EXERCISE BRIEF
Starting with the line with "Alila Marea Beach" in the entries below and going on through the line with "Đại Vương Tha Mạng Chapter 315 - Trang 2", output every line exactly and nothing more. No pictures.

[RECORDS PROVIDED — start]

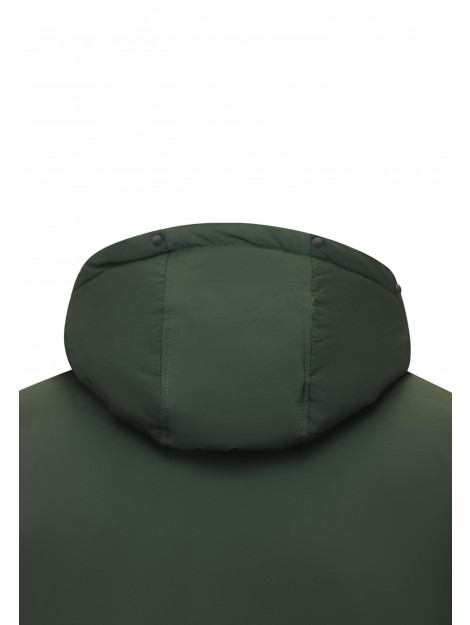 Enos Gewatteerde jas kort 7015 large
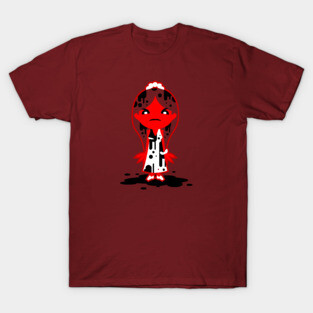 Carrie T-Shirt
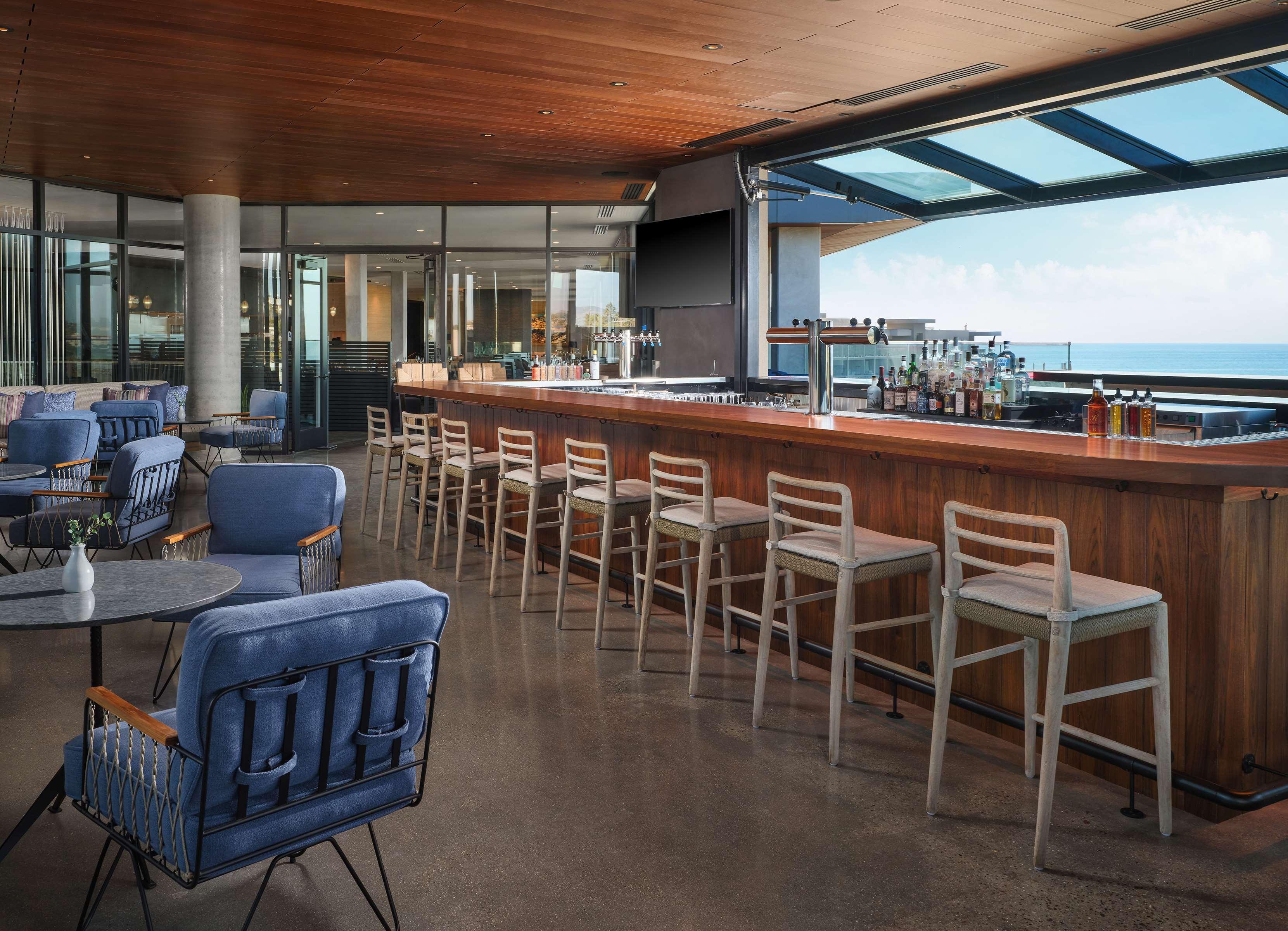 Alila Marea Beach Resort Encinitas, A Hyatt Resort Extérieur photo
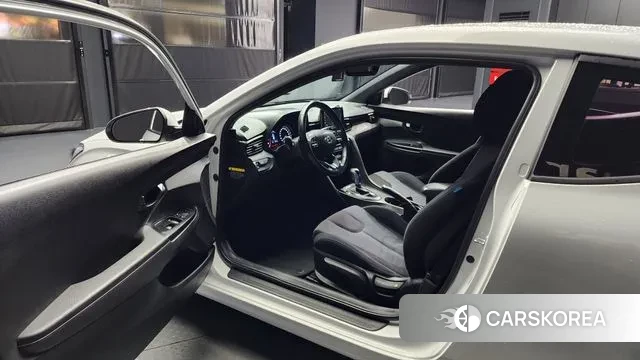 Hyundai Veloster (JS) id 3179024 из Кореи 20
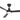 Riviera 52 3 Blade DC Smart Ceiling Fan with Dim 15w CCT LED Light Black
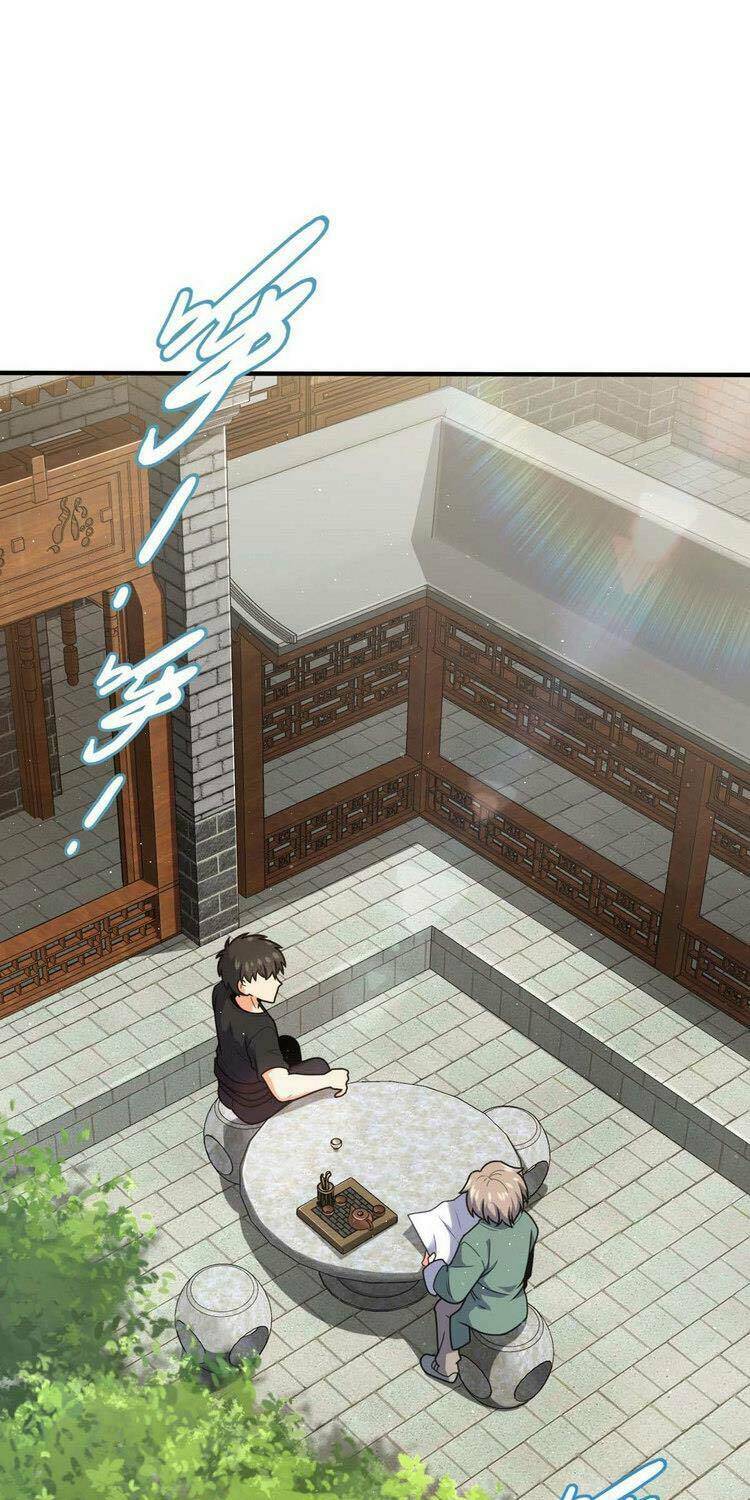 Đại Vương Tha Mạng Chapter 315 - Trang 2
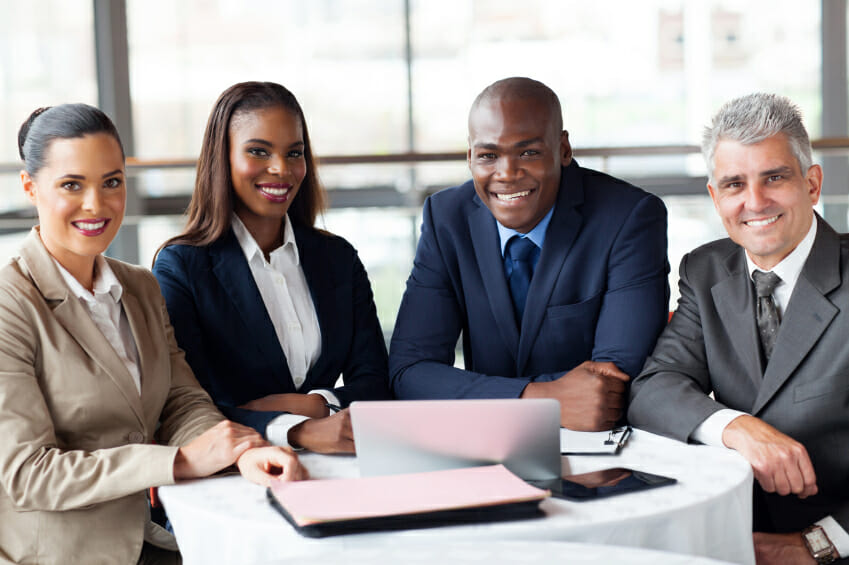 How Business School Training Helps Mature Canadians Launch Secure Careers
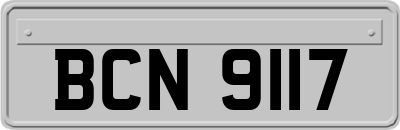 BCN9117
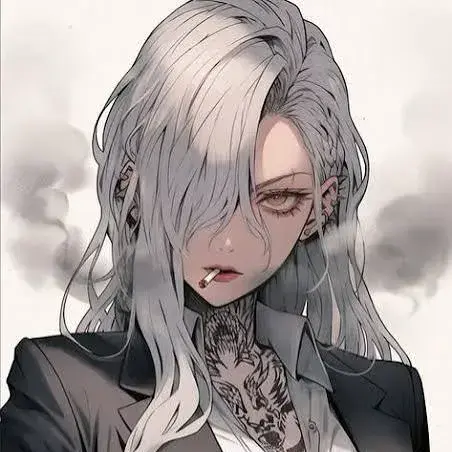 WhiteMucus8196의 Four Mafia Women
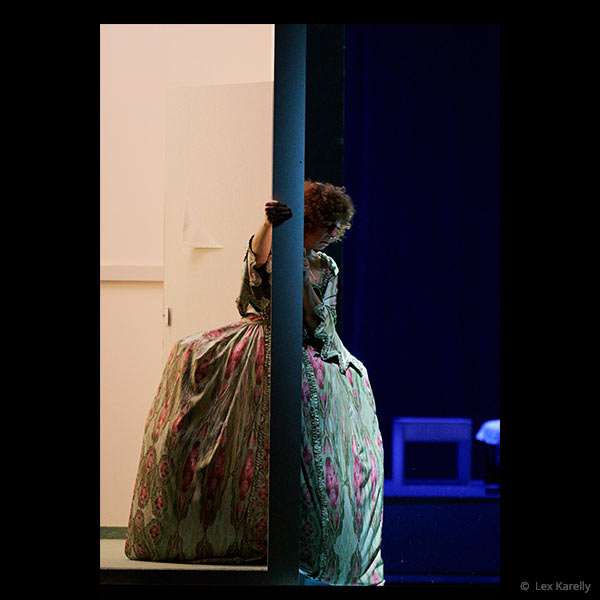 BA - Bornkamm - Minna v B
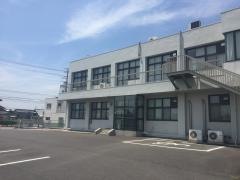飛島村産業会館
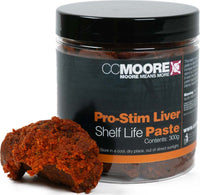 Pro-Stim Liver Shelf Life Paste - 300g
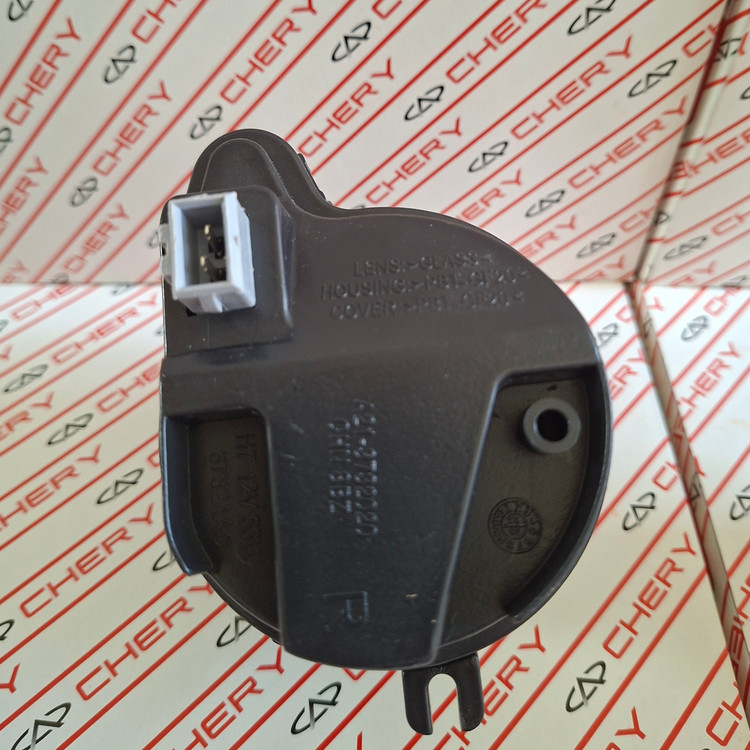 چراغ مه شکن جلو راست 530-550-315 نیو و x33 جدید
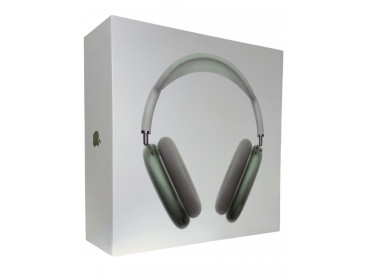 Коробка AirPods Max Green (Зеленый)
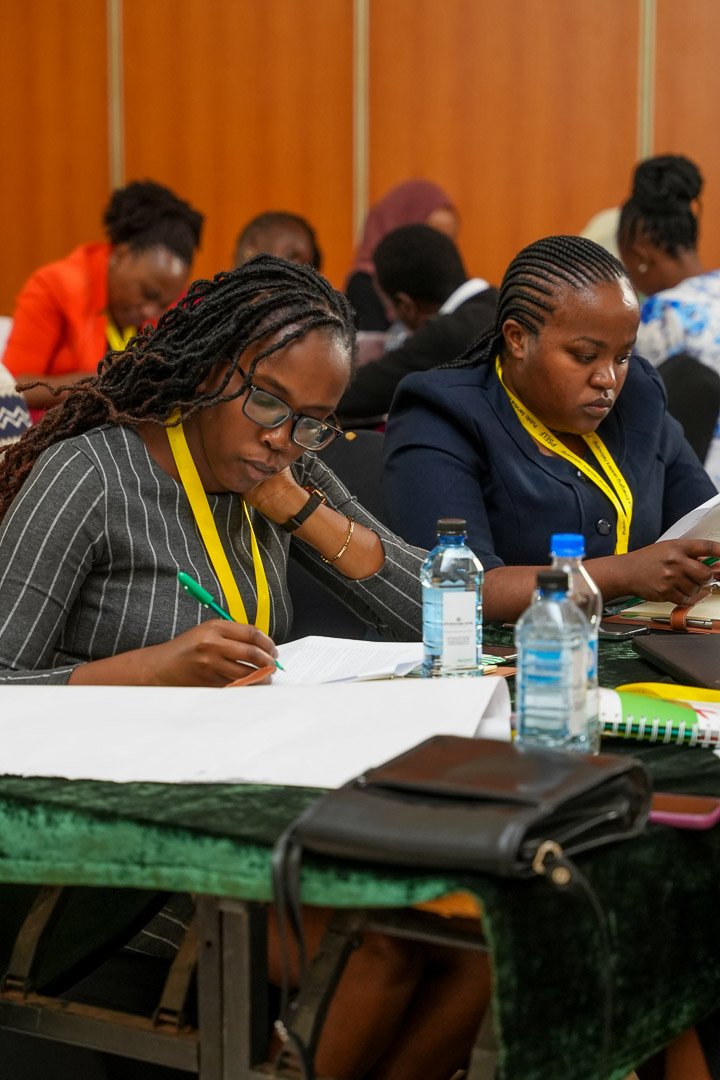 Chepchirch15's tweet image. The  dream team behind the future army of value based civil servants for my beautiful country Kenya
Policy Design and implementation 
#policymakers💯
#pselfweek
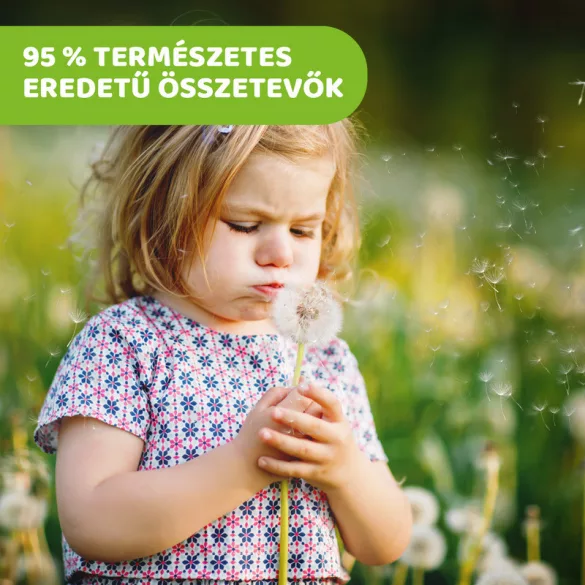 Chicco NaturalZ sprej 100 ml – chráni, osviežuje, hydratuje, príjemný pobyt vonku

[RECORDS PROVIDED — finish]

RESULT
 Alila Marea Beach Resort Encinitas, A Hyatt Resort Extérieur photo
 Hyundai Veloster (JS) id 3179024 из Кореи 20
 Riviera 52 3 Blade DC Smart Ceiling Fan with Dim 15w CCT LED Light Black
 Đại Vương Tha Mạng Chapter 315 - Trang 2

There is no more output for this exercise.